Теперь о том, что Хёне говорит в своей книге.
Здесь автор повторяет самые страшные обвинения в измене и предательстве руководителей берлинской группы. Конкретно — Шульце-Бойзена, Кумерова, Адама Кукхофа, Арвида Харнака. Версия такова: так как первыми были арестованы Бойзен, Харнак и Кукхоф, то все дальнейшие аресты произошли из-за них. Якобы они изменили и раскрыли остальных. Все это ложь. По-моему, очень точные анализы, разработки всех материалов к тому моменту, когда начались первые аресты руководителей, нити от зондеркоманды уже вели к шестидесяти примерно членам Красного оркестра. Кроме того, хочу привести вам очень интересный разговор, который я имел с Гирингом. Было это в то время, когда он был уверен, что я сотрудничаю с немцами в Большой игре. Мы что-то говорили о Берлине. Я делал вид, что вообще ничего не знаю, и спросил — сколько человек вы арестовали?
Тот ответил:
118.
Я начал смеяться и говорю:
— Вы, господин Гиринг, такой крупный специалист и верите, что поймали 118 шпионов?

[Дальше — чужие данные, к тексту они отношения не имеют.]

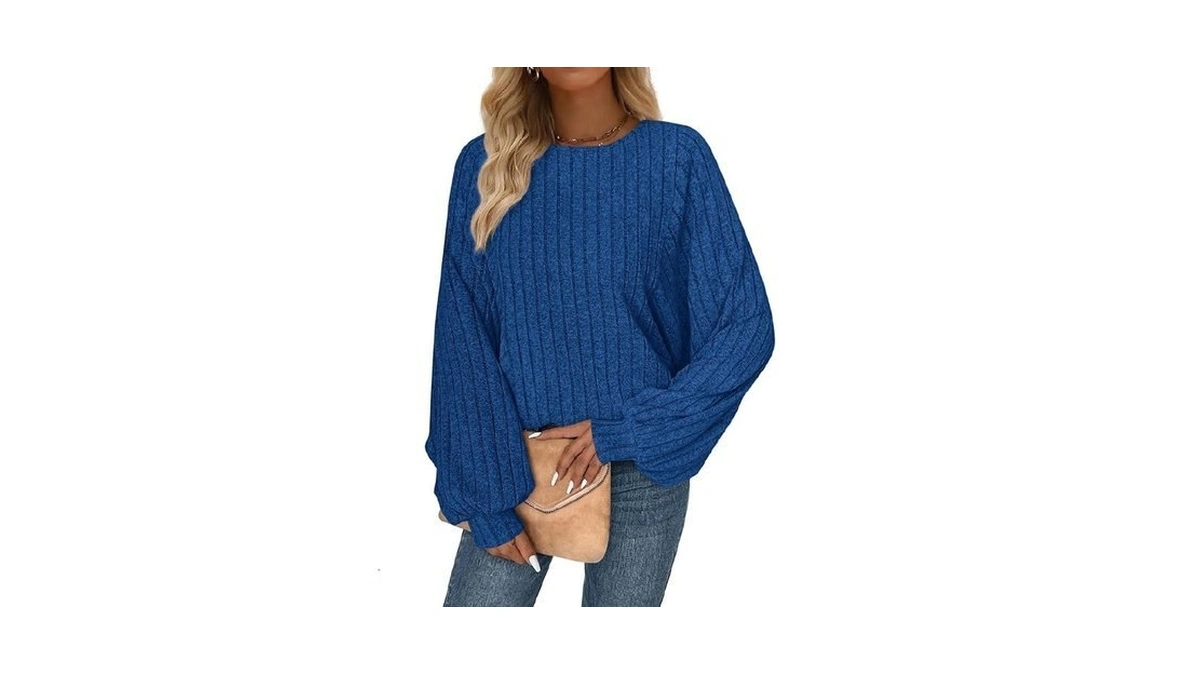Prettygarden Womens Batwing Long Sleeve Shirts... - Coupon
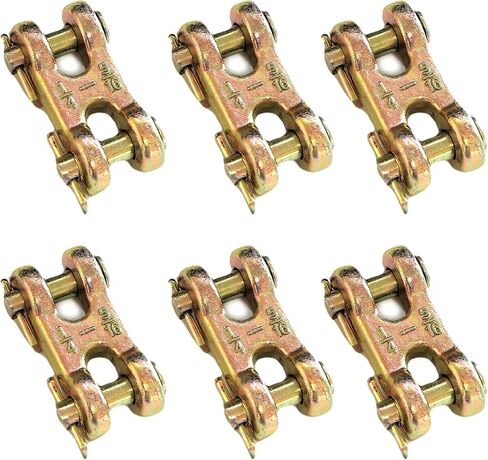 (عبوة من 2) وصلة إصلاح سلسلة أمان 5/16 بوصة Twin Clevis 3900 رطل حد حمل العمل in Kuwait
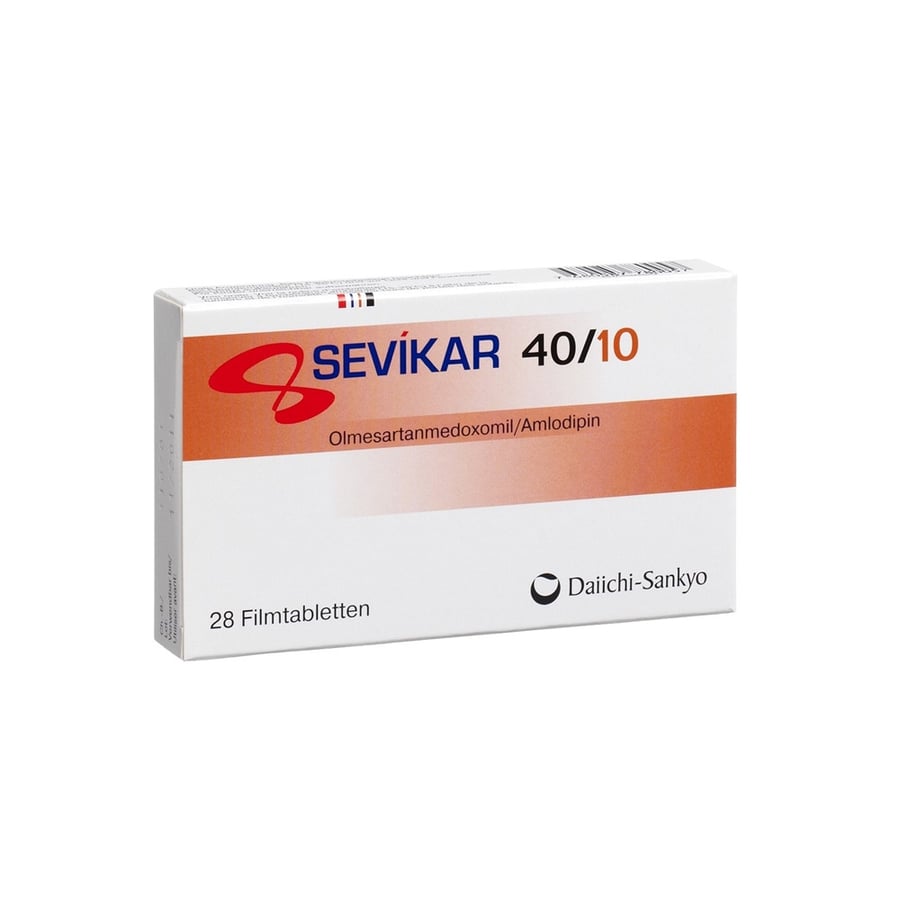 SEVIKAR 40/10 MG 28 TAB$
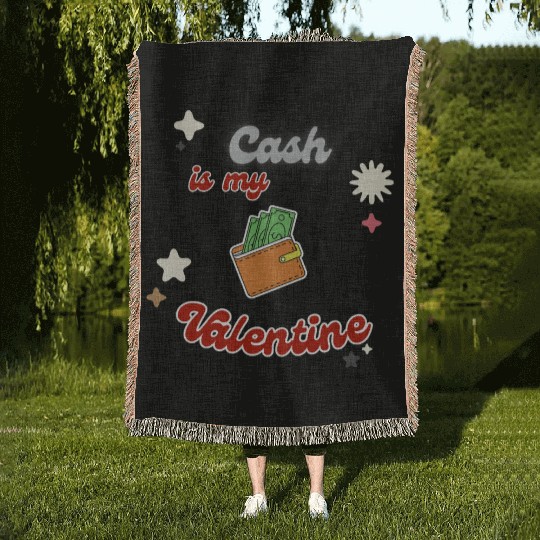 Money Lover's Valentine Apparel Woven Blankets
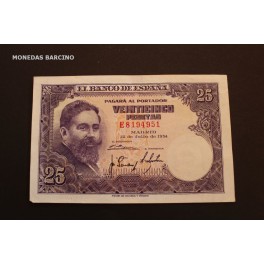 1954- ALBENIZ -SERIE E-25 PESETAS- BANCO ESPAÑA 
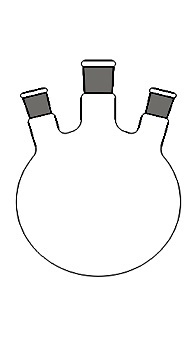 Round Bottom Flasks Three Necks, Centre Neck & Two Angled Side Necks 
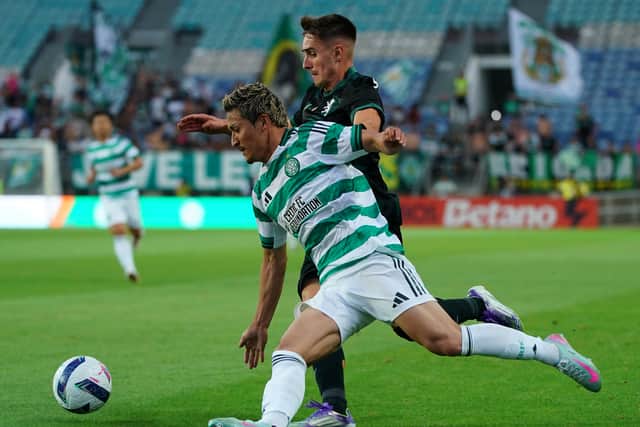 Daizen Maeda is one of two key Celtic players linked with a move away from the club this summer.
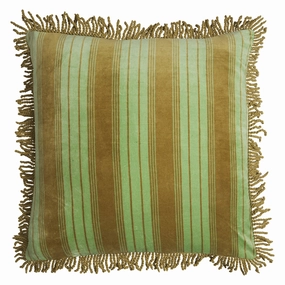 Brigitte Velvet Cushion - Olive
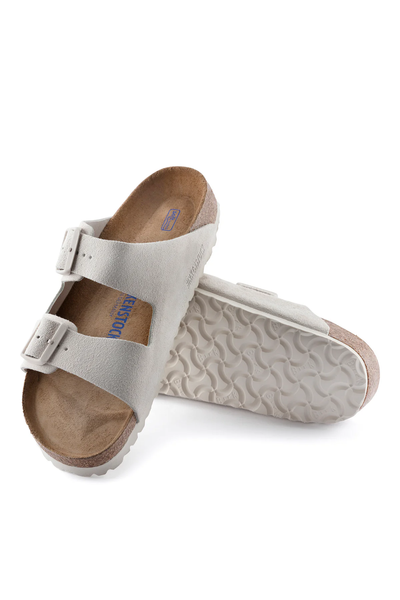 Arizona Sfb Cuir Velours Blanc Antique Étroit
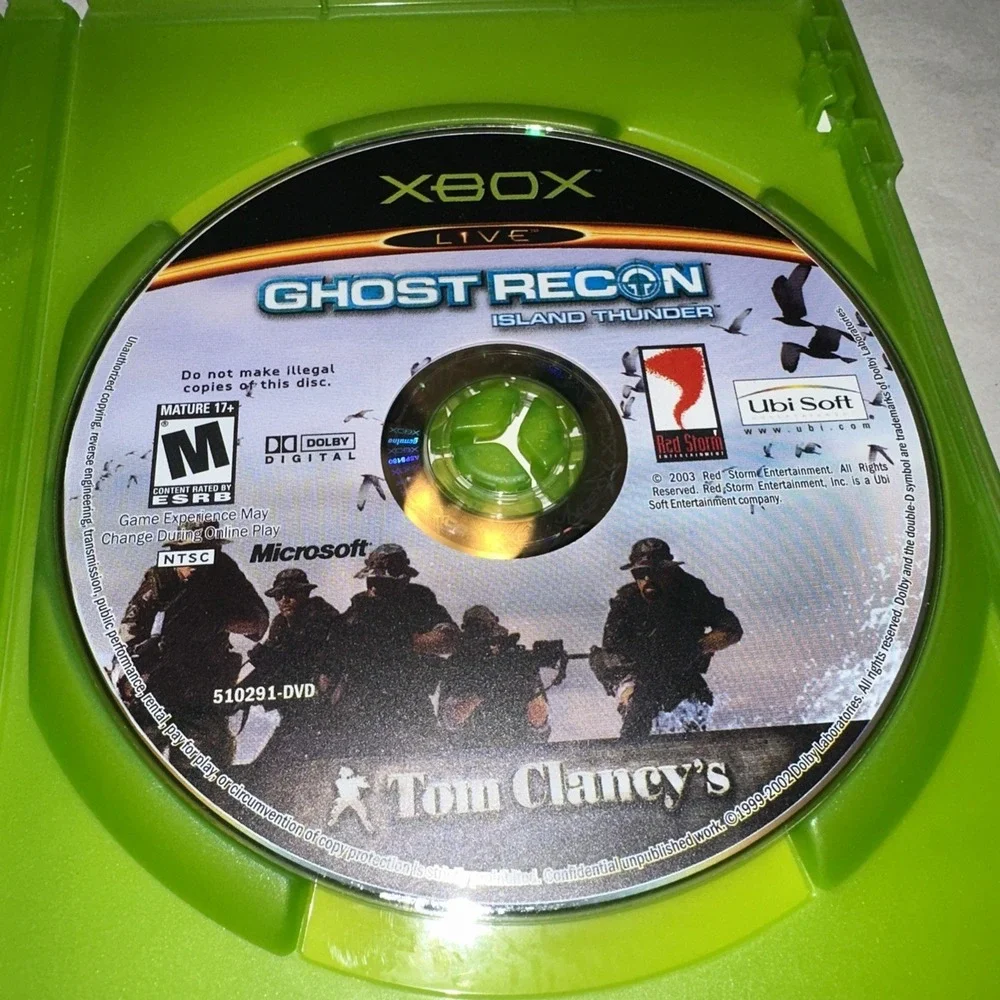 Tom Clancy's Ghost Recon: Island Thunder (Xbox, 2003) Complete w/ Manual CIB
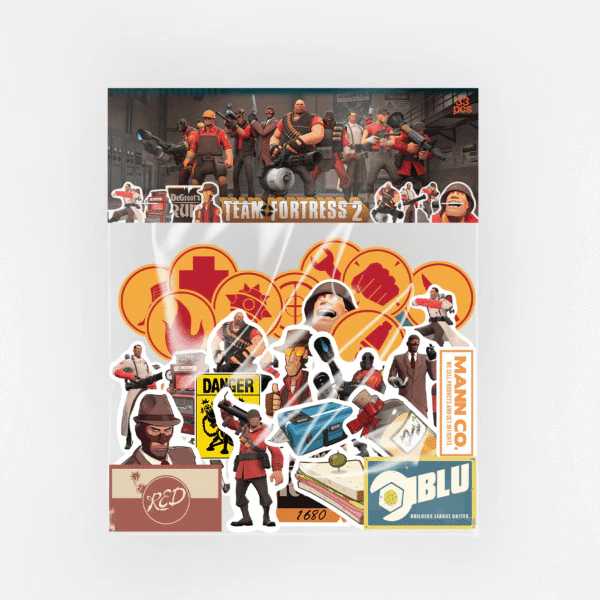 Team Fortress 2 TF2 33 parça suya dayanıklı vinil sticker seti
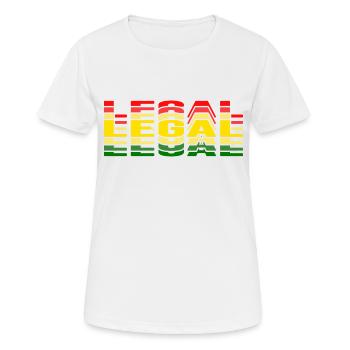Cannabis Légal Pot High Weed Marijuana Chanvre - T-shirt respirant Femme - blanc - Devant - AI Model Female 172 dark (172cm)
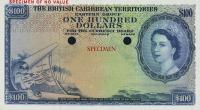 p12s from British Caribbean Territories: 100 Dollars from 1953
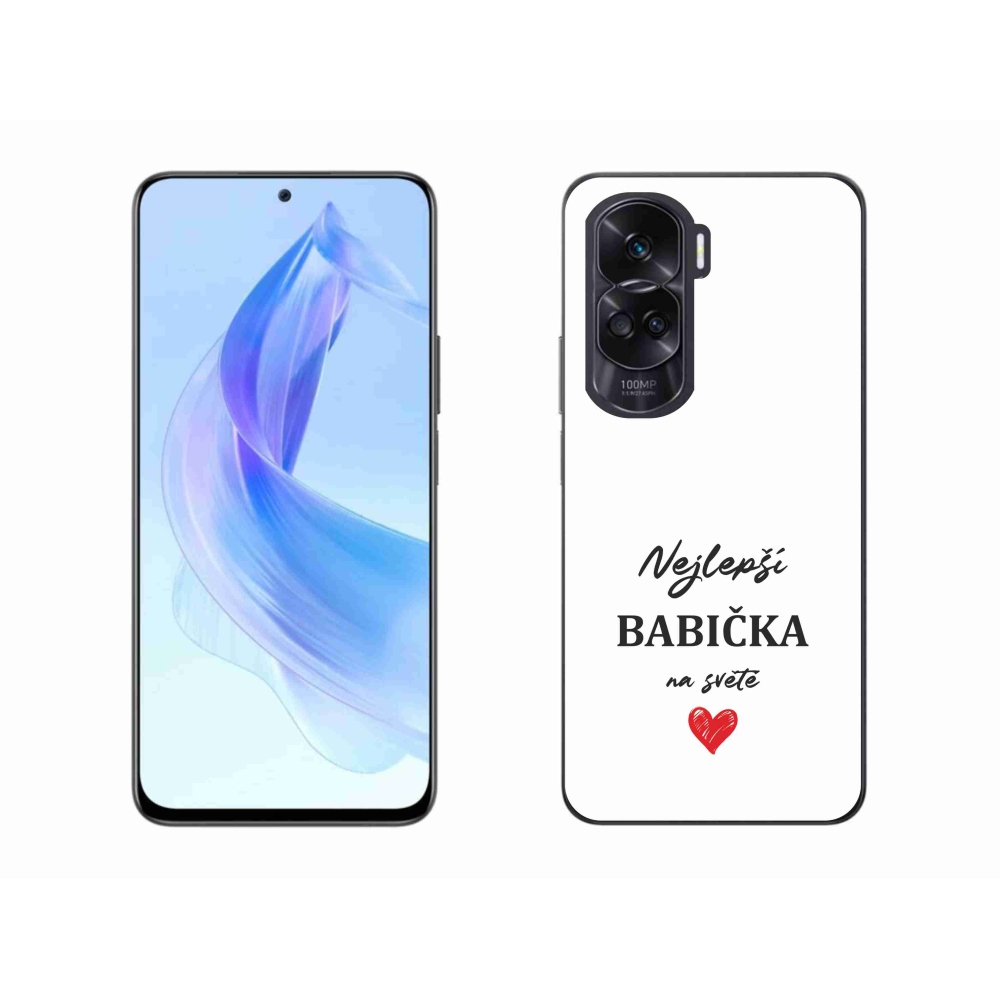 Gelový kryt mmCase na Honor 90 Lite - nejlepší babička 1 bílé pozadí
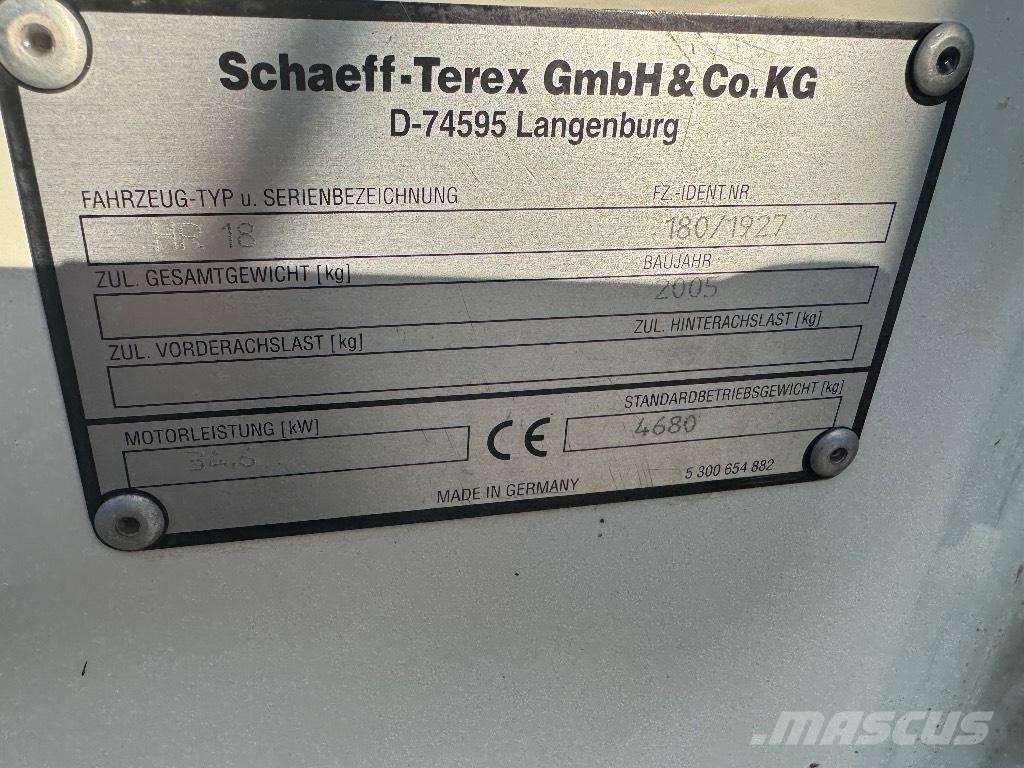 Terex HR 18 Mini bageri < 7t
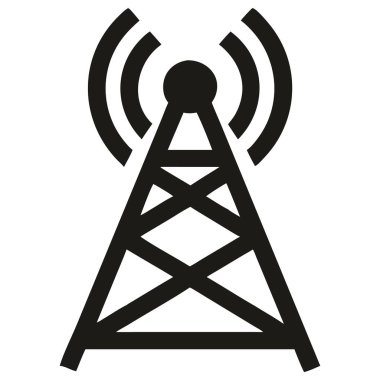 radyo kulesi simge vektör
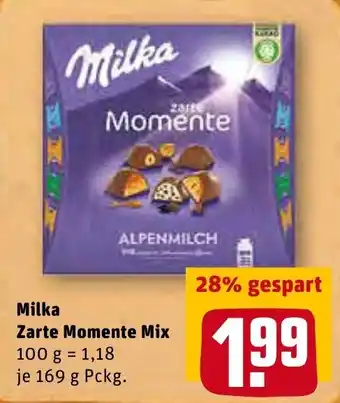 REWE Milka Zarte Momente Mix 169g Pckg. Angebot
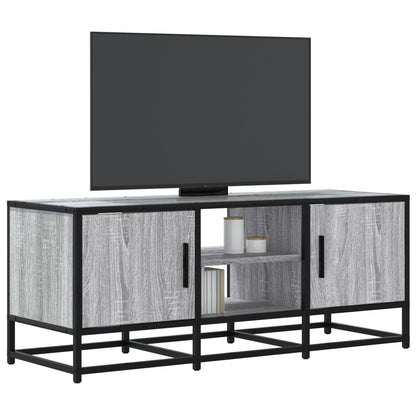 TV-Møbel Sonoma Grå Tv-benk 100x35x41 cm og metall
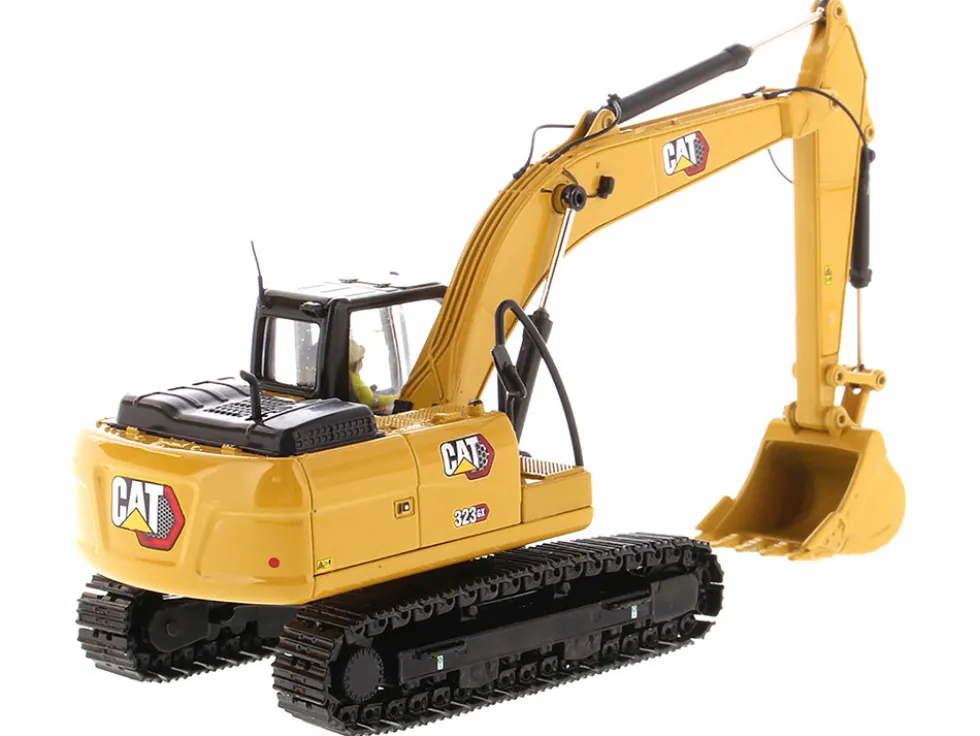 CAT Caterpillar 323 GX Hydraulic Excavator Operator High Line Series 1/50 Diecast Model Diecast Masters 85675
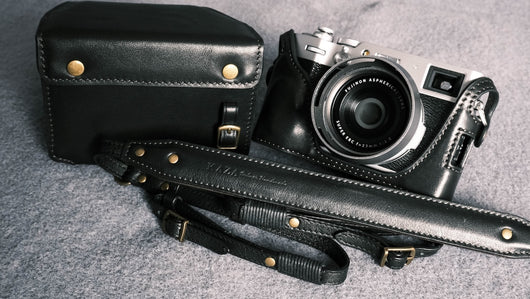 Fujifilm X T1 Leather Camera Case | kaza-deluxe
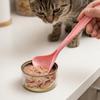 3 pcs Small Size Wet Food Scoop Polymer Long Handle Pet Spoon  Can Leftover Cleaning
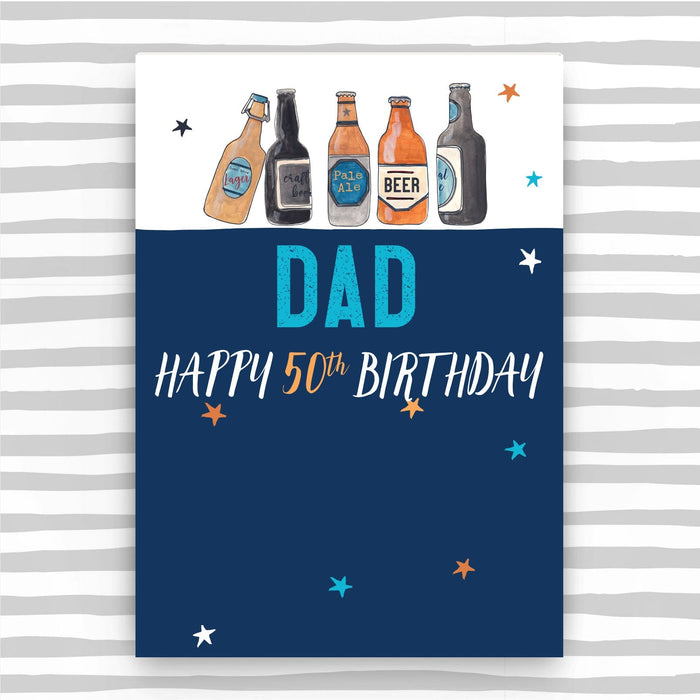 Dad 50th Birthday Card (NSS17)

— Что вы, что вы, не считайте меня дураком. Если там есть 10—15, этого много.
— Зачем же вы арестовали 118?
— Разве вы не знаете, как это делается? Часть раскрыли и подозревали, остальных взяли из круга знакомых, т. к. мы уже следили за ними. Взяли всех. Для дураков это приятно, что так много. Но мы же прекрасно знаем, что дело не в количестве. Были там какие-то люди — антинацисты, которые занимались пропагандой, но разведчиков среди них было немного.
Так что все это подтвердил Гиринг.
Хочу только подчеркнуть, что те обвинения, которые вновь поднялись, имеют свою подоплеку. Как так, говорят, вот вы, Советский Союз, в двадцатилетие ГДР награждаете самыми почетными орденами людей, поднимаете их как героев, а мы утверждаем, что они предатели. Эти дураки забывают одно. На протяжении более десяти лет в руках органов в Советском Союзе находился один из главных руководителей зондеркоманды, не только парижской, но берлинской. Это Фридрих Панцингер.
Там же находился и Паннвиц. Так что все было давно уже известно.